The rather somber reflections these conservatives, almost all of them in their 60’s or older, offered were, in fact, somewhat refreshing, since most of what you get from the professional right these days is happy talk, not just shallow bumpersticker chatter that serves mainly to inspire Teenage Republicans and the armchair Globo-Terminators who listen to Rush Limbaugh and believe every word but a smug chest-thumping about the country, the civilization, and the vital contributions that conservatives have supposedly made to them that is as repellent as it is untrue. It was therefore bracing to listen to these elders acknowledge that the cause to which they had devoted their lives had been less than successful.
Yet, aside perhaps from Mr. Viguerie himself, not a one seemed to have a clue as to why, and, with all due respect to the direct-mail czar, his explanation by itself is insufficient.
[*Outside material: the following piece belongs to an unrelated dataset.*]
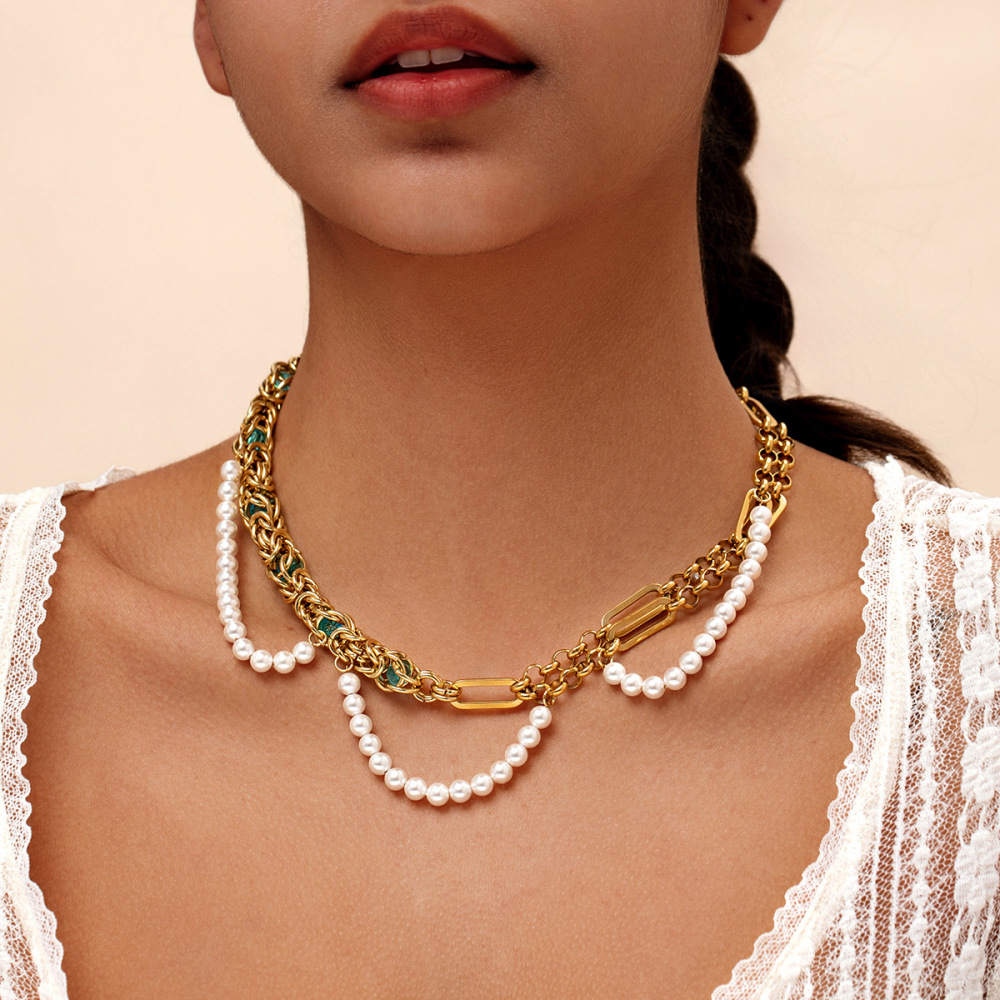 New Light Luxury Minority Retro Ins Style Simple Double-Layer Pearl Necklace Female Fashion Clavicle Chain Neck Strap Neck Accessories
One immediate reason for the failure of the “movement” was mentioned by David Keene of the American Conservative Union in his remark on how sagacious the movement’s leaders had been to prune it of undesirables. “The early modern conservatives, led by Bill Buckley and others,” Mr. Keene informed us,
had to both confront the liberal establishment and shape a movement that wouldn’t drive away more people than it attracted. Therefore, the Birchers, racists, anarchists and assorted monarchists and kooks were turned away.
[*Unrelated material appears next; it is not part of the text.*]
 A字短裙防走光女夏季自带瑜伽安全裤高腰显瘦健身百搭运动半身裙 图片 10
Many were indeed turned away, and some needed to be, but the real targets of the conservative movement’s obsession with “turning away” and purging anyone who did not fit were those who were not palatable to the “liberal establishment” the “movement” claimed to be “confronting.” Only if the “movement” could convince the “establishment” that its adherents and beliefs were really no threat to the power of the establishment could the “movement” hope to gain the acceptance and “respectability” its leaders always craved.
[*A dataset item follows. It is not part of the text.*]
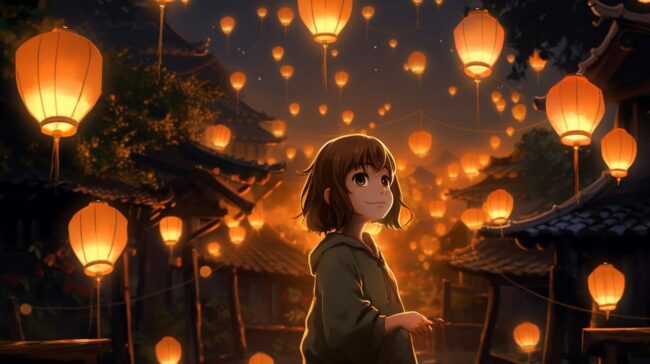 Cute Girl Surrounded by Glowing Lanters Lofi Wallpaper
The result of the “turning away” of which Mr. Keene and most other “movement” leaders are so proud was not only the evisceration of the right by the exclusion of any serious radical conservatism and its assimilation to the standards and values of the liberal establishment but the reduction of the ranks of the “movement” to the very cadre of bumper-sticker-quoters and Limbaugh-listeners that struts up and down the streets of Washington today—the political and ideological equivalent of a lobotomy. The “movement” spit out just about anyone who was interesting, different, or creative, as well as anybody with any inclinations to real conservative radicalism, and the end result was a well-drilled platoon of apparatchiks, enlivened by the occasional con artist and outright crook, as well as misfits like compulsive gamblers, pillheads, and perverts.
The internal tactics of the conservative movement still do not entirely explain its failure, however, nor do the personal inadequacies of its leadership. The tactical errors were made, and the flawed leaders emerged and remained leaders, because of deeper flaws that reflect the social and historical trends the “movement” itself sought but failed to arrest.
“Conservatism” in any society and in any era is always less of an ideology or body of thought than the natural expression of the dominant classes and forces that find themselves being threatened with displacement. What happened in the United States of the mid-20th century is that a new ruling class displaced the old one, and the “conservatism” that emerged was the ideological and political effort to resist the process of displacement that was occurring.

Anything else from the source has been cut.